Postgresql - Select most recent non-null value for multiple columns

Gandalf
December 30, 2023
263 views
0 votes
2 Answers

I’ve been stumped trying to optimize this query and was hoping some of you database wizards might have some insight. Here is the setup.
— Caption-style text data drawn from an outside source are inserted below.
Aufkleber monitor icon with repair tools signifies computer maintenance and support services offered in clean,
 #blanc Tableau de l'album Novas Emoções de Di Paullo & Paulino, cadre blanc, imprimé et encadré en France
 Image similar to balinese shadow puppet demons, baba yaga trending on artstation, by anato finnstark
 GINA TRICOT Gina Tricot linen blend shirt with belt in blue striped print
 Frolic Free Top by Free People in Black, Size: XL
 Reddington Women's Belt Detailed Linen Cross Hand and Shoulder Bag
Using TimescaleDB as my database, I have a wide table containing sensor data, it looks like the below:

time	sensor_id	wind_speed	wind_direction
‘2023-12-18 12:15:00’	‘1’	NULL	176
‘2023-12-18 12:13:00’	‘1’	4	177
‘2023-12-18 12:11:00’	‘1’	3	NULL
‘2023-12-18 12:09:00’	‘1’	8	179

I want to write a query which gives me the most recent non-null value for a set of columns, filtered on sensor_id. For the above data (filtering on sensor_id 1), this query should return

wind_speed	wind_direction
4	176

With that being said, my query looks like the below (when querying for sensor_ids in batches of 10):

SELECT
    (SELECT wind_speed FROM sensor_data WHERE sensor_id = '1' AND "time" > now()-'7 days'::interval AND wind_speed IS NOT NULL ORDER BY "time" DESC LIMIT 1) as wind_speed,
    (SELECT wind_direction FROM sensor_data WHERE sensor_id = '1' AND "time" > now()-'7 days'::interval AND wind_direction IS NOT NULL ORDER BY "time" DESC LIMIT 1) as wind_direction,

    (SELECT wind_speed FROM sensor_data WHERE sensor_id = '2' AND "time" > now()-'7 days'::interval AND wind_speed IS NOT NULL ORDER BY "time" DESC LIMIT 1) as wind_speed_two,
    (SELECT wind_direction FROM sensor_data WHERE sensor_id = '2' AND "time" > now()-'7 days'::interval AND wind_direction IS NOT NULL ORDER BY "time" DESC LIMIT 1) as wind_direction_two,
    .
    .
    .
    (SELECT wind_speed FROM sensor_data WHERE sensor_id = '10' AND "time" > now()-'7 days'::interval AND wind_speed IS NOT NULL ORDER BY "time" DESC LIMIT 1) as wind_speed_ten,
    (SELECT wind_direction FROM sensor_data WHERE sensor_id = '10' AND "time" > now()-'7 days'::interval AND wind_direction IS NOT NULL ORDER BY "time" DESC LIMIT 1) as wind_direction_ten;

The table I am querying against has 1,000 unique sensor_ids, all of which report data at a 2 minute interval. Hence, we are talking 100s of millions of rows.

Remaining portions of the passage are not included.